三百年前とも五百年前ともいう昔、花岡にまだ十数軒しか家がなかったある年の夏の暑い日、昼を過ぎて激しい夕立となった。その雨と雷鳴の中、徳兵衛の家に、姫さまのように気品のある女が転がり込んできた。女房が見ると、女は身重である。女は追われているのでかくまってくれ、と徳兵衛に懇願した。

しかし、徳兵衛の家は一間のあばら家で隠れるところもない。徳兵衛は、近くの冨士山の登り口にある大杉のうつろを思い出し、そこへ隠れれば、と考えた。濡れた体ではさわるから、と女房は自分の晴れ着に着換えさせたが、その時、女の帯の間から丸い石が転がり落ちた。
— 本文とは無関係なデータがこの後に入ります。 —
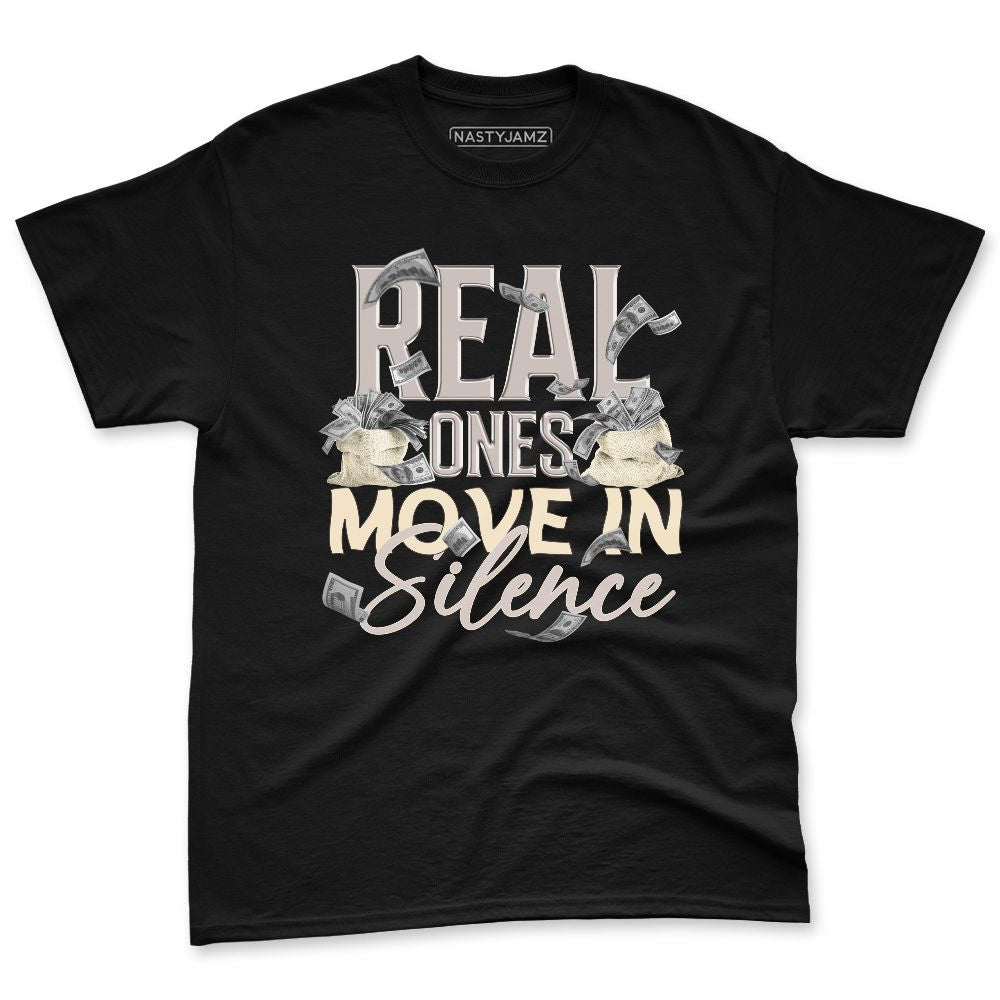 While-You-Were-Sleeping-4s-NastyJamz-Premium-T-Shirt-Match-Move-In-Silence-Money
それは女の守り神であるという。

山の杉に女を隠した徳兵衛は、続けてやってきた侍たちの詮索にも、知らぬ存ぜぬとしらを切りとおしたが、夕暮れになり、ついに山のほうで女を見つけたという大声がした。ところがその時である。その山のほうから男たちの悲鳴が聞こえ、戦うような声と音が夜更けまで続いた。

夜が明けると、徳兵衛と女房はもう静まり返った山へ向かった。そして杉の木に至ると、なんとそこには数匹の大蛇がとぐろを巻いており、その周りに侍たちが倒れているのだった。うつろの中からは赤ん坊の泣き声が響き、女は赤ちゃんを生んでいた。
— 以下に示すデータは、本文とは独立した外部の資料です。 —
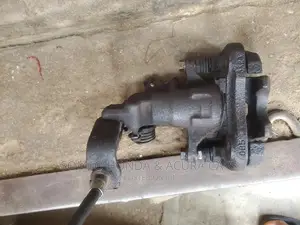 Back Caliper for Honda Accord 2003-2007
徳兵衛たちを見ると大蛇たちは去り、ふたりは女に駆け寄った。女は、夜は大蛇が守ってくれたといい、自分はもうこれまでだが、子をお願いします、と弱弱しくいった。そして持っていた石を出し、これは安産と子育ても守り石であり、役立ててください、といって女は息を引き取った。

徳兵衛は村の人たちと女を懇ろに葬り、祠を建てて石を祀った。土地の人は身籠るとこの石を借り、安産すると一つ石を添えて返した。これが花岡の浅間神社わきの三夜さまの由来で、今も祠には丸い石が積まれている。

小杉義雄『鹿沼のむかし話』
(栃の葉書房)より要約

花岡町の冨士山(今は普通に富士山と書くが)登り口の浅間神社が舞台となる。三夜さまの現状は不明。大杉はすでに伐採され、境内に切り株があるのみという(別の大杉はあるらしい)。北関東では、特に常陸のほうにかけて月待講が女人講であり、産育の効験をよく持つ。この三夜さまも、そのひとつだろう。
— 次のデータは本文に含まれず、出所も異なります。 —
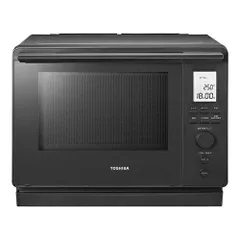 2026年最新】toshiba オーブンレンジ 鉄板の人気アイテム - メルカリ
しかし、二十三夜講に代表される三夜さんが蛇と結びつくという話はあまり見ず、解釈の難しい話となっている。姫さまもどこから来たのか書かれていない。雰囲気的には後北条に与した鹿沼城壬生氏とその最後という感じがするが、不明。

この姫を守った大蛇たちは何ものであろうか。姫の守り石の神の化身であるというなら、三夜さまの蛇、という珍しい話となる。姫が身を寄せた大杉の蛇、ということなら(このとき浅間神社あったかどうか書いてないが)浅間の蛇、という可能性もある(これも珍しいものだが)。

そもそもこぶし大の丸石を本尊とするというのは、常陸のほうの月待では見た記憶がなく、信州のほうとつながるもののような雰囲気でもある。いずれにしても、鹿沼周辺の土地の信仰をよく見て、つながるヒントを探すことになるだろう。